Available data below:

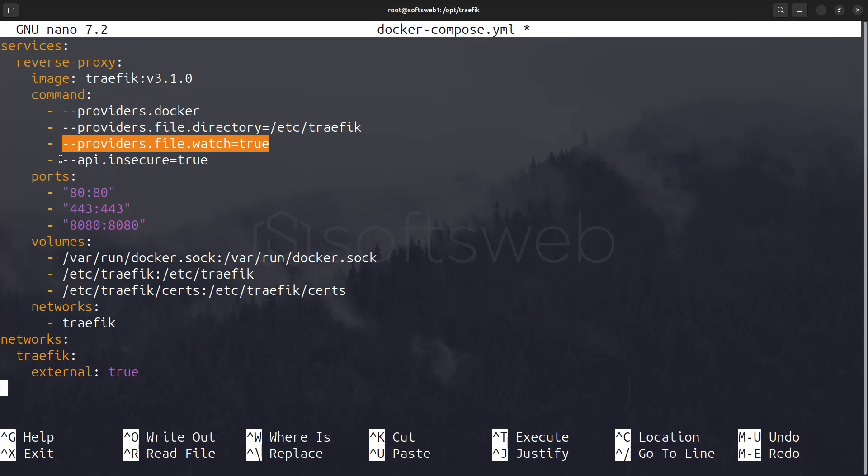The API.insecure option is set to true, enabling the Traefik dashboard and API in an insecure manner, meaning it won't require authentication. We will disable this later as it's not recommended for production.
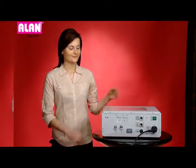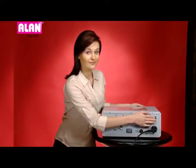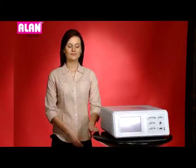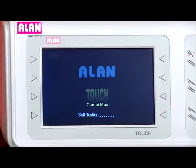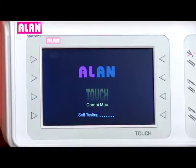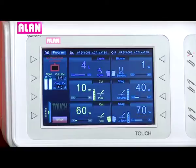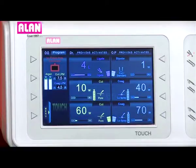Now let's turn on the unit. During startup, the unit does a self-test to ensure proper functioning. If the self-test is successful, it proceeds further; otherwise it shows an error message.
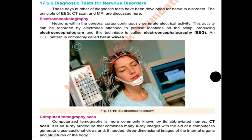Now, the second diagnostic test is Computerized Tomography Scan, or CT scan. Computerized tomography is more commonly known by its abbreviation, CT scan. It is an X-ray procedure that combines many different X-ray images with the aid of a computer to generate cross-sectional views and, if needed, three-dimensional images of the internal organs and structures of the body.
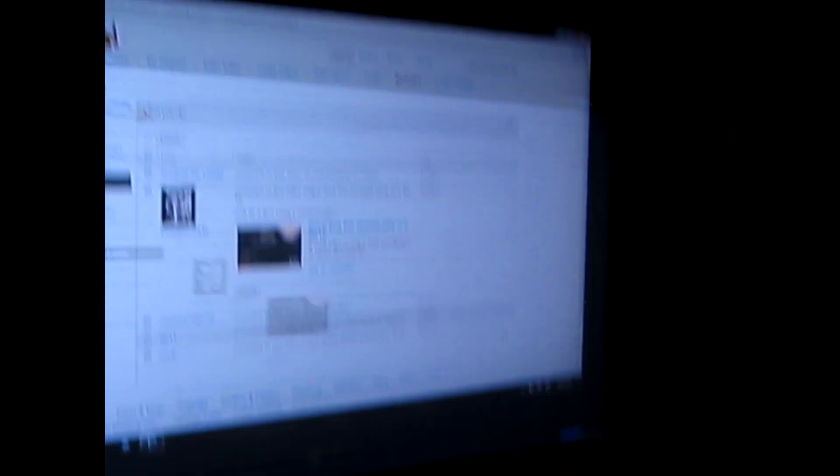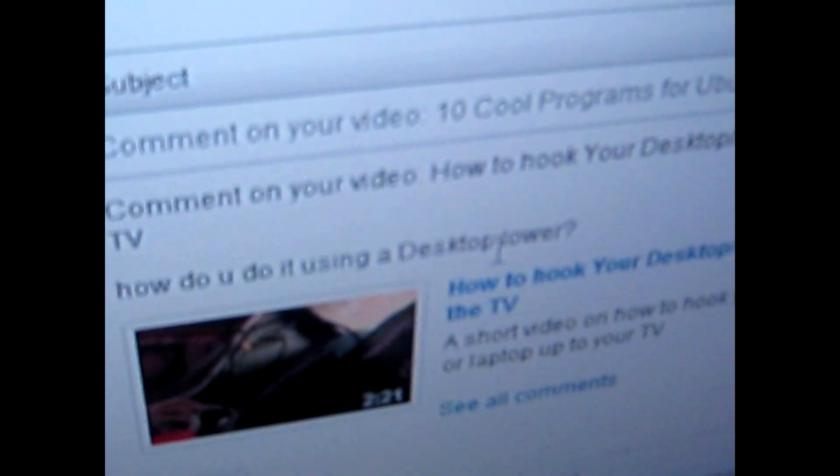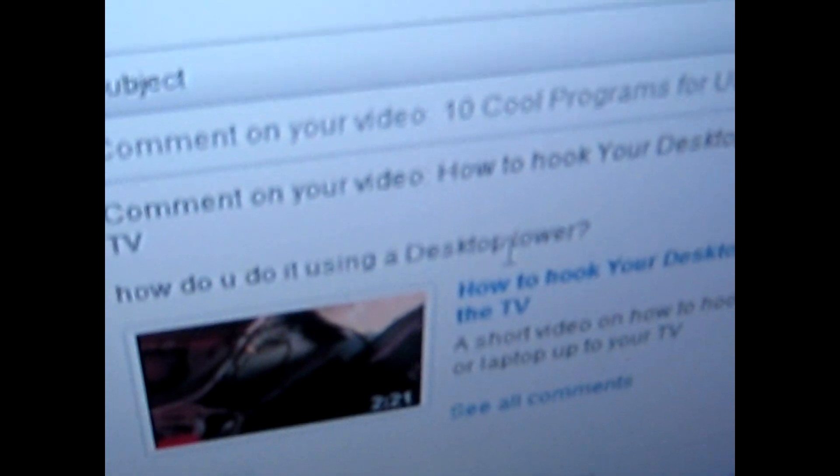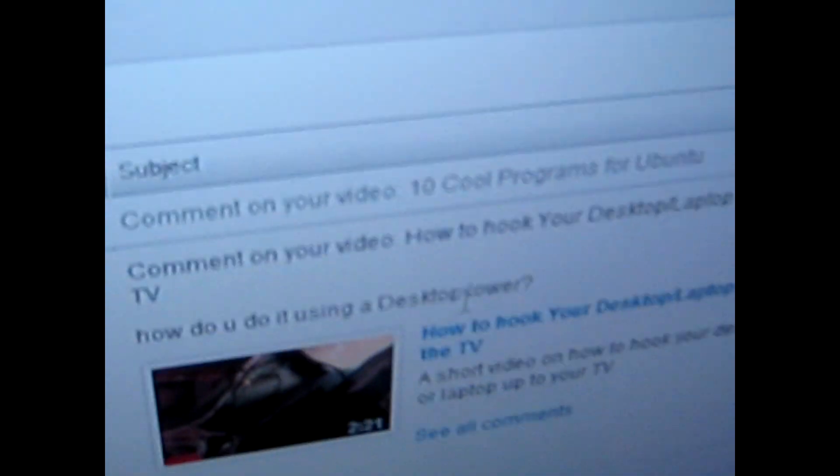See, desktop on my TV. Now you can see what he wrote.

End of Available data.

Without any pictures, restate word for word only the lines from the one with "Now let's turn" through the end of the listing.

Now let's turn on the unit. During startup, the unit does a self-test to ensure proper functioning. If the self-test is successful, it proceeds further; otherwise it shows an error message.
Now, the second diagnostic test is Computerized Tomography Scan, or CT scan. Computerized tomography is more commonly known by its abbreviation, CT scan. It is an X-ray procedure that combines many different X-ray images with the aid of a computer to generate cross-sectional views and, if needed, three-dimensional images of the internal organs and structures of the body.
See, desktop on my TV. Now you can see what he wrote.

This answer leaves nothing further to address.